Один из штейгеров, дядюшка Ришомм, толстяк с седыми торчащими усами, похожий на жандарма, вошел в эту минуту и направился в приемочную контору.
— Не потребуется ли здесь рабочий, все равно на какую работу? — спросил Этьен.
Ришомм собирался уже сказать «нет», но раздумал и, проходя дальше, ответил, как и другие:
— Дождитесь главного штейгера, господина Дансарта.
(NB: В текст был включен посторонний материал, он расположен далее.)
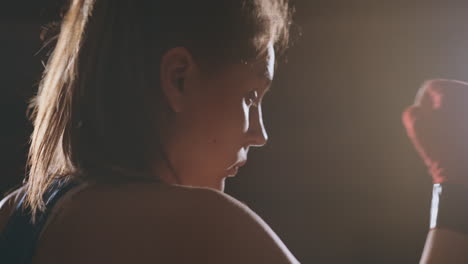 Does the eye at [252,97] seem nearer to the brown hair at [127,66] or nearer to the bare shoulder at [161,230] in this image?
the brown hair at [127,66]

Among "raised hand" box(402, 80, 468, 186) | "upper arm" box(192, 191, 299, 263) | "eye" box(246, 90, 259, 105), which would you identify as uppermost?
"eye" box(246, 90, 259, 105)

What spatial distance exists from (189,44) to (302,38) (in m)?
0.99

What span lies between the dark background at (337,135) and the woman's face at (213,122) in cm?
90

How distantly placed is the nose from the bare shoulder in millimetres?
163

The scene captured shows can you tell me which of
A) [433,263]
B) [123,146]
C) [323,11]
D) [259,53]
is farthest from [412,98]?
[123,146]

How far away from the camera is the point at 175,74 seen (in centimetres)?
50

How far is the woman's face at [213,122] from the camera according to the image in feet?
1.68

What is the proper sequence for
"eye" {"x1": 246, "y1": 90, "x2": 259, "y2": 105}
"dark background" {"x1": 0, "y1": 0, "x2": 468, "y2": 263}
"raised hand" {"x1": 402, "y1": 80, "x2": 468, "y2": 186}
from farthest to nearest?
1. "dark background" {"x1": 0, "y1": 0, "x2": 468, "y2": 263}
2. "raised hand" {"x1": 402, "y1": 80, "x2": 468, "y2": 186}
3. "eye" {"x1": 246, "y1": 90, "x2": 259, "y2": 105}

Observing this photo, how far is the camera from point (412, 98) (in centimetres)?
146

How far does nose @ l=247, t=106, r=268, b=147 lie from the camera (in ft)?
1.94

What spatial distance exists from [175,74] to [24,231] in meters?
0.19

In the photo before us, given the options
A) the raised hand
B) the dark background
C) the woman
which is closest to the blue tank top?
the woman

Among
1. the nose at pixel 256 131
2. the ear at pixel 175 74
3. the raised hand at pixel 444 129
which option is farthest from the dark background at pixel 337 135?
the ear at pixel 175 74

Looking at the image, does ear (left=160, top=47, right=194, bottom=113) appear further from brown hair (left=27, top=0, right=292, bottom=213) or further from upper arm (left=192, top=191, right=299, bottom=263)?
upper arm (left=192, top=191, right=299, bottom=263) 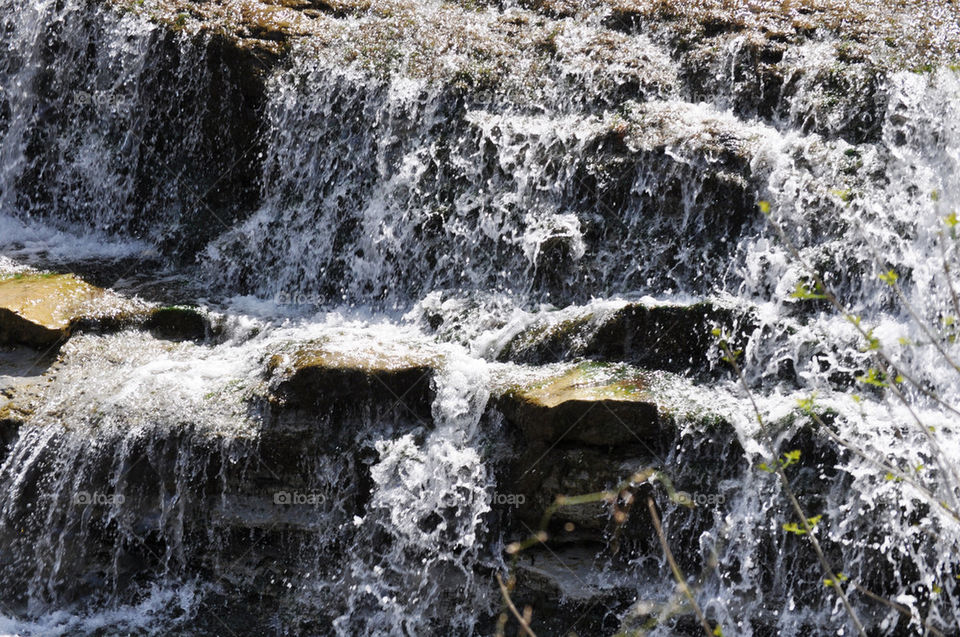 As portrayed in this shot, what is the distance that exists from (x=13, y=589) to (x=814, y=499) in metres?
4.29

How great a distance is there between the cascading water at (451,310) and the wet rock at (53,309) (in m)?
0.17

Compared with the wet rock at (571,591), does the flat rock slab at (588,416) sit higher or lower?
higher

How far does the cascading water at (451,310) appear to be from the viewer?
17.3ft

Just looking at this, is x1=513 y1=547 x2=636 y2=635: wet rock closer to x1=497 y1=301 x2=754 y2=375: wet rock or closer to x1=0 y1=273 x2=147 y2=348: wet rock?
x1=497 y1=301 x2=754 y2=375: wet rock

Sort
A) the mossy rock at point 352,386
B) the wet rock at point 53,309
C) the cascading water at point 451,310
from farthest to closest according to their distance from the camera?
the wet rock at point 53,309, the mossy rock at point 352,386, the cascading water at point 451,310

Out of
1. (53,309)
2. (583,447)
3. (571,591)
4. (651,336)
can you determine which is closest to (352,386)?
(583,447)

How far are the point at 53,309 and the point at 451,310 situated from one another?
261cm

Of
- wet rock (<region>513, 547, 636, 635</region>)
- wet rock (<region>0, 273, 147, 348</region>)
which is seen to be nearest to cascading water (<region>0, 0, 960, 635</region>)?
wet rock (<region>513, 547, 636, 635</region>)

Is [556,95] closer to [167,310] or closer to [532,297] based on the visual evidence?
[532,297]

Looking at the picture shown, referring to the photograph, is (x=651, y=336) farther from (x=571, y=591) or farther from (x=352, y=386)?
(x=352, y=386)

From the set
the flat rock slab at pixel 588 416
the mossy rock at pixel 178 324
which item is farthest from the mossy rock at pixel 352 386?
the mossy rock at pixel 178 324

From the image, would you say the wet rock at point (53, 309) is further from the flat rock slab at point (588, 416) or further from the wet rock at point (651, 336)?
the flat rock slab at point (588, 416)

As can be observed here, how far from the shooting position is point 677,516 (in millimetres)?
5281

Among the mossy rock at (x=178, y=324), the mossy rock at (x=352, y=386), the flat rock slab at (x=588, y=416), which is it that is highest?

Горели четыре фонаря с рефлекторами; весь свет был сосредоточен на входе в шахту; виднелись ярко освещенные железные перила, ручки сигнальных аппаратов и тормозов, толстые доски, между которыми скользили две клети подъемной машины. Вся остальная часть громадного помещения, похожего на внутренность церкви, тонула в полумраке, и там двигались большие тени. Светло было только в ламповом отделении в глубине, а в приемочной конторе горела, словно меркнущая звезда, лишь небольшая лампа. Доставка угля снизу только что началась. По чугунным плитам с сильным грохотом непрерывно катились вагонетки с углем; за ними шли откатчики, и можно было различить их длинные согнутые спины; кругом в общем гуле все эти черные грохочущие предметы и фигуры двигались безостановочно.
Этьен с минуту стоял неподвижно; его оглушило и ослепило. Он совсем закоченел, так как отовсюду проникали струи холодного воздуха. Затем он сделал несколько шагов: внимание его привлекла машина, сверкавшая стальными и медными частями. Она находилась в более высоком помещении, в двадцати пяти метрах от спуска в шахту, и работала на всех парах, развив всю свою мощь в четыреста лошадиных сил, плавно вздымая и опуская огромный шатун; она была так прочно установлена на кирпичном фундаменте, что не ощущалось ни малейшего дрожания стен. Машинист, держась за рычаг регулятора, прислушивался к сигнальным звонкам, не спуская глаз с указательной таблицы, на которой были изображены различные этажи шахты; по вертикальным желобкам, пересекавшим таблицу, поднимались и опускались гирьки на шнурках, представлявшие клети подъемной машины. При отправлении, как только машину пускали в ход, начинали вращаться два громадных барабана, в пять метров радиусом каждый; колеса их наматывали и разматывали в противоположном направлении два стальных каната; они вращались с такой быстротой, что казались столбом серой пыли.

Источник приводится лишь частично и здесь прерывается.